▶ [WHAT TO DO]
Everything from the line holding "More Photos Of" through the last line of the listing needs to be repeated exactly, with no other lines.

▶ [ENTRIES PROVIDED]
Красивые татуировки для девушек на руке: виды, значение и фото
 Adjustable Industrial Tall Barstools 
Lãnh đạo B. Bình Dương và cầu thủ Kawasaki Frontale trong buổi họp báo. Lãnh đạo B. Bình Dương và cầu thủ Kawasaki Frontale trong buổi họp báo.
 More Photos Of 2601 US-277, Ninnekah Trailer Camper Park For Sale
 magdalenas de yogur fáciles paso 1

▶ [SOLUTION]
 More Photos Of 2601 US-277, Ninnekah Trailer Camper Park For Sale
 magdalenas de yogur fáciles paso 1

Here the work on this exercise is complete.